天使と悪魔~私、ヤクザの愛人になりました~
「京子姉ちゃん!今日も僕に特訓してくれる?」

「いいけどまずはご飯だぞ。にんじんは食べられるようになったか?」
「僕、頑張って食べるもん!強くてかっこいい男になるんだ~!」


そう言って息吹が走っていきます。天国の家族にも息吹の元気な姿を見てもらえていると思うと幸せな気持ちになります。


「天、つわりとかは大丈夫?息吹の時は結構辛かっただろ?」
「たまにありますけど、つわりがあるのはこの子が元気に大きく育っている証拠です。立派に産んでみせますからね。」


「また天の子供が生まれるのか~……なんだかおばさんにでもなった気分。私も亜魔野組に組入りしたようなもんだから実家には帰りづらいし、天たちを見て家族を楽しむよ。」


「京子さん、これ読んでください。」


そう言って京子さんに何枚もの封筒を渡しました。京子さんが亜魔野組で生きると決めてくださった時からずっと貯め続けていたものです。


「この手紙は私が京子さん……そして光さんのご両親とやりとりしていた手紙です。私はお2人からご家族のことをお聞きしたことがなかったので、どうしてもご挨拶をしたくて手紙を書き続けました。最初はなかなかお返事がいただけませんでしたが、お2人の様子を書いたら、『元気にしていますか?』『立派に仕事をしていますか?』と、たくさんのお声をいただきました。私にはもう両親はいません。だからこそ、京子さんと光さんにはご家族と疎遠になってほしくないんです。今は極道の世界で生きる身だとしても、いつか『ただいま』と帰れる場所であってほしいんです。」



私はずっと舎弟の皆さんのことばかり考えていました。ですが京子さんや光さんのことも大切な家族だと思っています。いつも近くにいてくださって、守ってくださって……感謝しても足りないくらいの恩を受けています。

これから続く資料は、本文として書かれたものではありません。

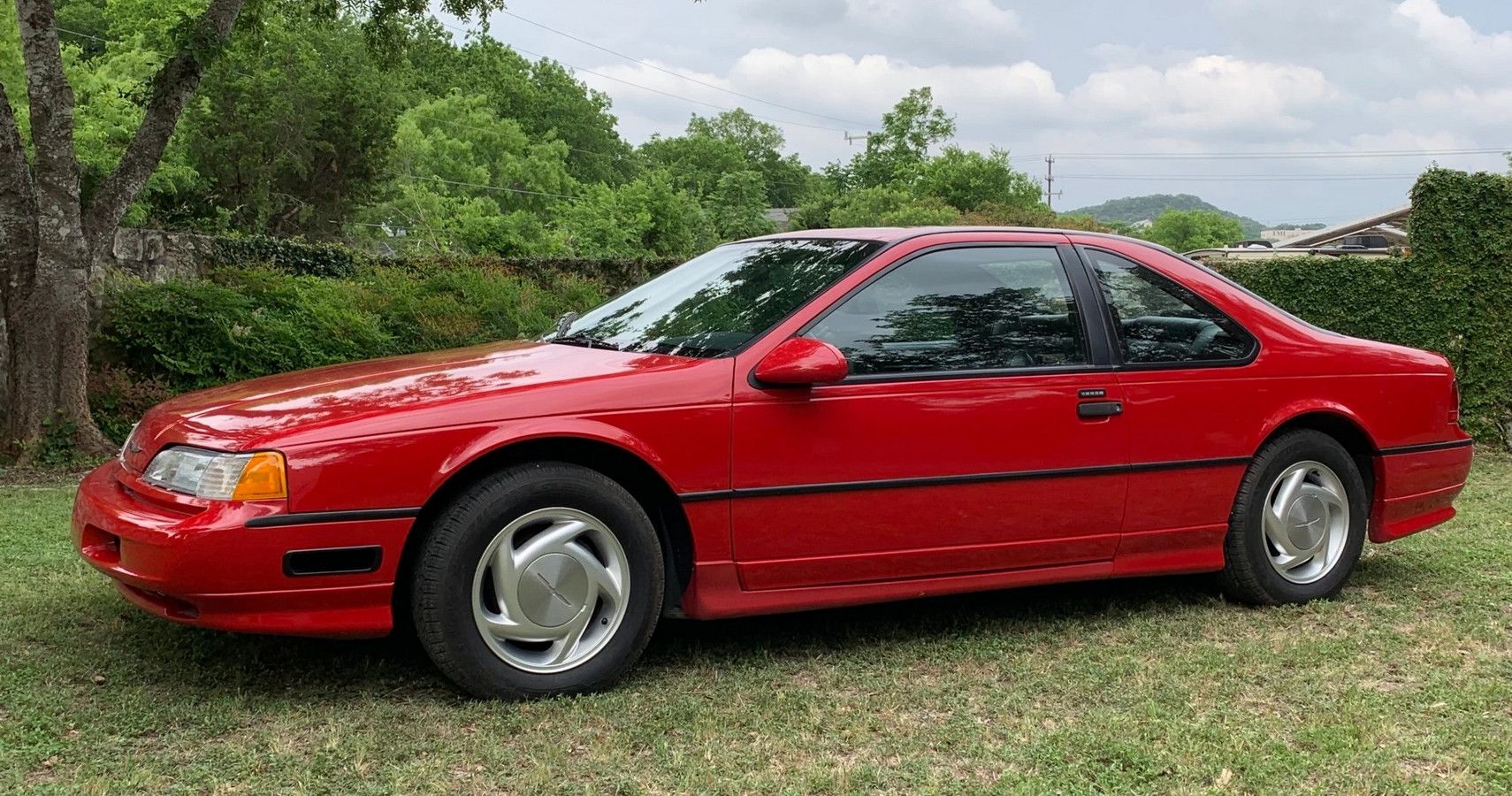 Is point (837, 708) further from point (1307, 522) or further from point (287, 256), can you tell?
point (287, 256)

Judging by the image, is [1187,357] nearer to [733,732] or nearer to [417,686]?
[733,732]

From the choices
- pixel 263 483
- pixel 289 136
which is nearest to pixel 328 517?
pixel 263 483

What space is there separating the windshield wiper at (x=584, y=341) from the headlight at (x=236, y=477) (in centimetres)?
131

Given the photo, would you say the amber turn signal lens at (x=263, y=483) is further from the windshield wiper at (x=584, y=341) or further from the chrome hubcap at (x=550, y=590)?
the windshield wiper at (x=584, y=341)

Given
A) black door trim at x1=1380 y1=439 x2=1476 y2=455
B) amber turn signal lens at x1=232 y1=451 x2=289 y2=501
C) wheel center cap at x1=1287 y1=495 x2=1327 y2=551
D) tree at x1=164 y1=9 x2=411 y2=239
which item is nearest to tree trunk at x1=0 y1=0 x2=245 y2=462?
amber turn signal lens at x1=232 y1=451 x2=289 y2=501

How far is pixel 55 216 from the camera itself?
359 inches

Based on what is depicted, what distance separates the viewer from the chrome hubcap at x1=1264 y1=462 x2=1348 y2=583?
16.6 ft

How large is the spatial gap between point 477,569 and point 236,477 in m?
0.70

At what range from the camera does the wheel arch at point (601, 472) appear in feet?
12.4

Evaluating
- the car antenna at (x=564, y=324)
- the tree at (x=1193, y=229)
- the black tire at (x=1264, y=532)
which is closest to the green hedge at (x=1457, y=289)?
the black tire at (x=1264, y=532)

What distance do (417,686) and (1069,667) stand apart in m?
2.09

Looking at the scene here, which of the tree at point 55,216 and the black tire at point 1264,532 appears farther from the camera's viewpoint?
the tree at point 55,216

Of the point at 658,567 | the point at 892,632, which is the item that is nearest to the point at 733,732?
the point at 658,567

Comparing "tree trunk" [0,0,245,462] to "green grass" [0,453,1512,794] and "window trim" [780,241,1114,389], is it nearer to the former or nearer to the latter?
"green grass" [0,453,1512,794] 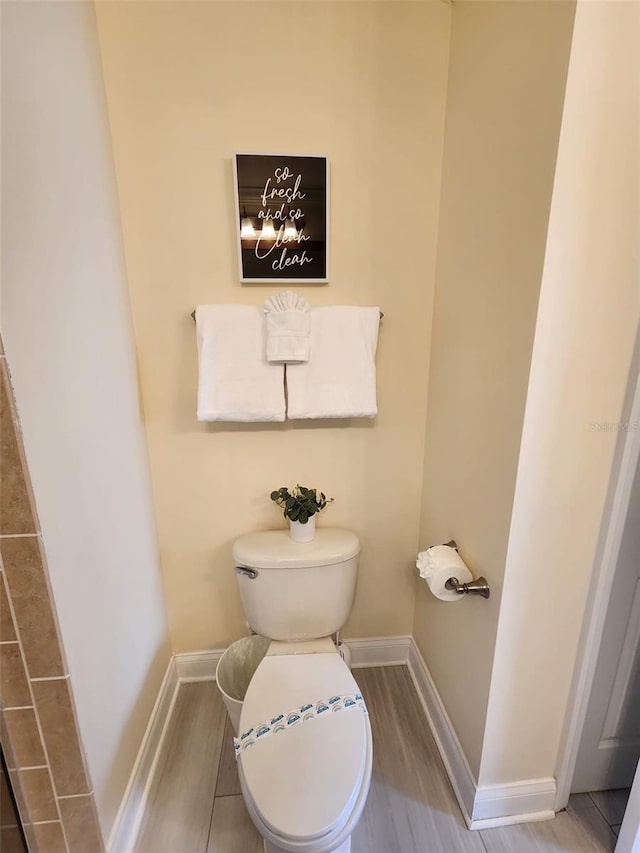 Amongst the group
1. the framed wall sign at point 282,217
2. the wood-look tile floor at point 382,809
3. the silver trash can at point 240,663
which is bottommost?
the wood-look tile floor at point 382,809

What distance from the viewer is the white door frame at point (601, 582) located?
0.94 metres

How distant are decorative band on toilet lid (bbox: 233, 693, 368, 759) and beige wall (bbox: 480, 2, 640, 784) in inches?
15.3

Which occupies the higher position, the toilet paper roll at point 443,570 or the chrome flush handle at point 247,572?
the toilet paper roll at point 443,570

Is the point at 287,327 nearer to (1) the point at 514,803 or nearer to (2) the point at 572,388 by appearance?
(2) the point at 572,388

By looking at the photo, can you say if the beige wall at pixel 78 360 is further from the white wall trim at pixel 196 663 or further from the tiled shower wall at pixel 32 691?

「うわ、結構前から手紙のやり取りしてたの?これ、2年前……?よく続けたね。」


「私は皆のお母さんです。誰一人欠けることなくしっかりといつも見ています。今までは守られることばかりでしたが、これからは私が皆さんを守っていきます。それが私が選ぶ未来です。」


「天のたくましさはすごいな……。何歳になっても、おばあちゃんになってもずっと天の傍にいたい。この組を守り続けていきたいよ。」



あの日、心さんと出会わなければ今の私はいませんでした。亜魔野組に入ったから得たもの、失ったもの……それぞれたくさんありますが無駄だと思ったことは一つもありません。



「なんかさ、亜魔野組って不思議だよね。非道で悪魔のようなヤクザだと思ったら、天使のような優しさも持っている。それはきっと天が組の皆に与えてくれた恵なんじゃないかな?天は天使、心さんは悪魔……対になる存在だからこそ今の亜魔野組を作り上げることができた。それってどんなことよりも凄いと思う。」



これから先も亜魔野組が悪魔のような存在なら私が光を与えて天の恵みを授けます。居場所がない人や困っている人を助けられるような家族のように温かい存在。



あの日、心に決めたたった一つの誓い。



この誓いを胸に、毎日一歩、一歩と進んでいきます。